Electronic structure of helium atom in a quantum dot

TL;DR

This study investigates the electronic structure of helium atoms confined in quantum dots, calculating bound and resonance states, and demonstrating how quantum dot parameters influence atomic stability and autoionization properties.

Contribution

It provides precise energy and resonance data for helium in quantum dots using correlated basis sets and stabilization method, highlighting the impact of confinement parameters.

Findings

Electronic properties are highly sensitive to quantum dot size.

Ionization potential varies with confinement parameters.

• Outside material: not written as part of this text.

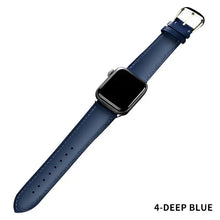 Charger l&#39;image dans la galerie, Deep blue leather band for Apple Watch, compatible with Series 1-5, shown with watch. Elegant design for 38-44mm models.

Autoionization lifetime can be controlled by cavity width.

Abstract

Bound and resonance states of helium atom have been investigated inside a quantum dot by using explicitly correlated Hylleraas type basis set within the framework of stabilization method. To be specific, precise energy eigenvalues of bound 1sns (1Se) [n = 1-6] states and the resonance parameters i.e. positions and widths of 1Se states due to 2sns [n = 2-5] and 2pnp [n = 2-5] configuration of confined helium below N = 2 ionization threshold of He+ have been estimated. The two-parameter (Depth and Width) finite oscillator potential is used to represent the confining potential representing the quantum dot. It has been explicitly demonstrated that electronic structure properties become a sensitive function of the dot size. It is observed from the calculations of ionization potential that the stability of an impurity ion within quantum dot may be manipulated by varying the confinement parameters. A possibility of controlling the autoionization lifetime of doubly excited states of two-electron ions by tuning the width of the quantum cavity is also discussed here.